While several frameworks have been successfully applied in data-sparse contexts throughout Southeast Asia, there remains a relative paucity of models that have been exclusively trained and validated on Singapore-specific data. Das et al. (2023) note that many deep transfer learning-based studies rely on datasets sourced from global repositories such as Xeno-canto and BirdCLEF, and that there is no explicit reference to Singaporean bird audio recordings within these published efforts. This observation highlights a meaningful gap in the literature: the need for dedicated Singapore-specific datasets and models that account for the unique acoustic challenges, species assemblages, and environmental characteristics within Singapore. Future work in this area could benefit from developing comprehensive local datasets, combining the strengths of both supervised and unsupervised methods, and leveraging metadata (e.g., spatial-temporal information) that might further differentiate the subtle acoustic nuances among local species.

6. Conclusion

In summary, while there is a substantial body of literature that presents methodologies for training bird sound classification models in data-sparse contexts, only select studies have directly tackled the Singapore setting. The work of Hexeberg et al. (2025) clearly demonstrates that a semi-supervised classification approach using Singapore-specific recordings is feasible even in the presence of noise, overlapping calls, and limited labels.

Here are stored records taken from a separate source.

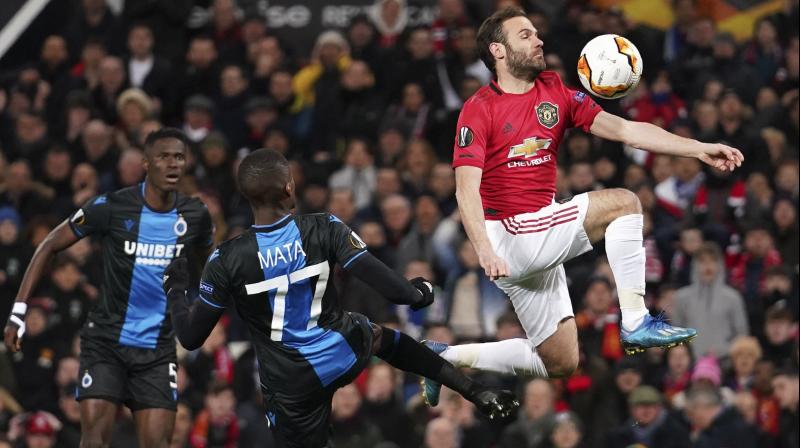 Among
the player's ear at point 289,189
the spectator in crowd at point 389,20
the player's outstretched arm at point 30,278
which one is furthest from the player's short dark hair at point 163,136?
the spectator in crowd at point 389,20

Other frameworks developed by Bellafkir et al. (2023) and those based on deep transfer learning by Das et al. (2023) offer methods that are inherently adaptable to Singapore; however, they often rely on data not collected specifically from Singapore. The collective literature emphasizes the importance of harnessing advanced signal processing, ensemble learning, and fine-tuning strategies to address key challenges such as high species diversity, overlapping acoustic signals, and environmental noise. Although Singapore-specific efforts exist and show promising results, there remains a notable gap in published research dedicated solely to Singaporean bird song classification systems. Addressing this gap through continued development of localized data repositories and the adaptation of semi-supervised and transfer learning methods will enhance the accuracy and usability of these systems for biodiversity monitoring in tropical urban and forest contexts.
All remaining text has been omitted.